Archive | November, 2015

Let us pray…

27 Nov

If I said I didn’t have a hand in this latest offering from the Church of England, I’d be lying:

I heard about the project via, the group I’ve been a member of for twenty years and which provides advertising ideas for the UK’s churches. Churchads weren’t formally commissioned to write the ad but we were asked to have a look at something that would appear in cinemas later in the year, before Star Wars: The Force Awakens.

The opportunity was huge – the whole battle of good against the powers of darkness is an area clearly rich with appropriate Biblical comparisons. I duly sent over a bag full of ideas, all of them  with the volume set to eleven and shot in epic widescreen.

However, the Church of England was fixed with retelling the Lord’s Prayer before the movie, and so any ideas that didn’t involve ‘Our Father in Heaven’ were out. I’m still not certain why, without making any nod to Star Wars, nor a force of any kind, or light, or darkness, that this ad’s spiritual home should be in a cinema immediately before a showing of The Force Awakens.

Not only this, the ads that immediately precede an event movie like Star Wars  are cinematic in their own right. The thirty minutes of trailers and advertising that herald in the main feature are a feast of filmic excess and properly show off the film makers’ craft. Any ad that sits amongst this hallowed company needs to wear its best clothes.
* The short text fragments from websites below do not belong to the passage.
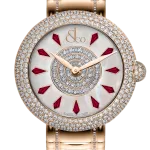 Pager to activate Brilliant Half Pave Rose Gold Couture Ruby 44mm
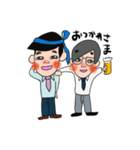 【サラリーマン】上司くんとフレッシュくん（個別スタンプ：16）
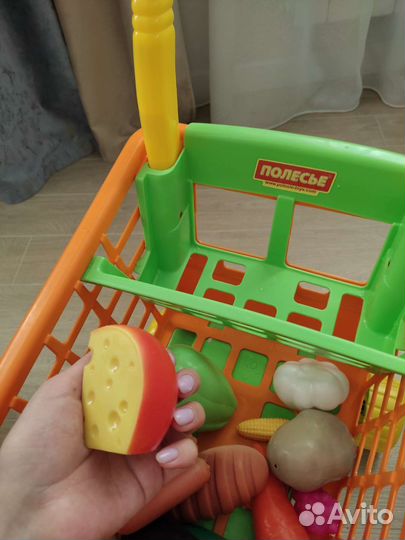 Тележка продуктовая детская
My advice, initially, was for them not to advertise. I could foresee embarrassment – a low budget advert sitting amongst multi-million blockbusters could make the church a laughing stock. The prayer wasn’t being unpacked, or re-appropriated, or subverted. No new meaning was being given to it, it was simply being prayed.

Once I realised that they were pushing ahead with it, I could still imagine how it might look if it were shot beautifully; if the settings were somehow resonant of a Star Wars movie, or Lord of the Rings, or Game of Thrones; if each shot was art directed and photographed brilliantly, if it was given space to breathe. In its own way, I believed, it could be epic.

However, the Church of England was set on using a chap they’d worked with before and who shot corporate videos for a living. They had also only booked thirty second slots in cinemas, as that was all they could afford. Imagine if the Popes and kings of the renaissance had decided to use some painters and decorators on the Sistine Chapel, when the greatest artists in the world were queuing up to paint something spectacular. I know any number of directors who would have killed to shoot this ad for the same money, yet none were asked.

And then it happened, as often happens in things of a Christian nature. God stepped in. God took a potentially unremarkable piece of video which might otherwise have led a quiet life on Youtube, and did something spectacular with it. I don’t believe this ad would ever have gone on air. There is no way the Church of England would have had the budget to run a minute-long commercial before Star Wars. My belief is that the ad was banned before the film was completed, and the story of the ‘ban’ leaked by clever press secretaries. There was never a thirty second commercial of the Lord’s Prayer – time it yourself – it’s so fast as to be irreverent. Once it was clear that the ad wouldn’t run, time length ceased to be an issue and the prayer could be as long as it liked.

I first saw the finished advert in church a week ago. The minister played it and announced that it was causing a storm for being banned. My first reaction to it was surprise – it was actually pretty good. It still looked more documentary than film, but it was nicely paced and had impact. The least surprising news was the ban – the Church of England knew that cinemas don’t accept religious advertising so it was always a punt. But it is by spinning this story to the press that has made it fly.

The online chatter has been phenomenal. Everyone, for once, seems to be taking the side of the church. This is currently the most famous cinema ad in history. People in the Guardian are discussing the revolutionary challenge to world order contained in the prayer’s words. People are assessing the Lord’s Prayer properly for the first time since they mumbled it in a school assembly or the wedding of a Christian friend. The Lord does indeed work in mysterious ways!

Can I take credit for any of this? Not at all, I was against it from the start. Will I take credit for it if anyone asks? Of course I will – I’m in advertising!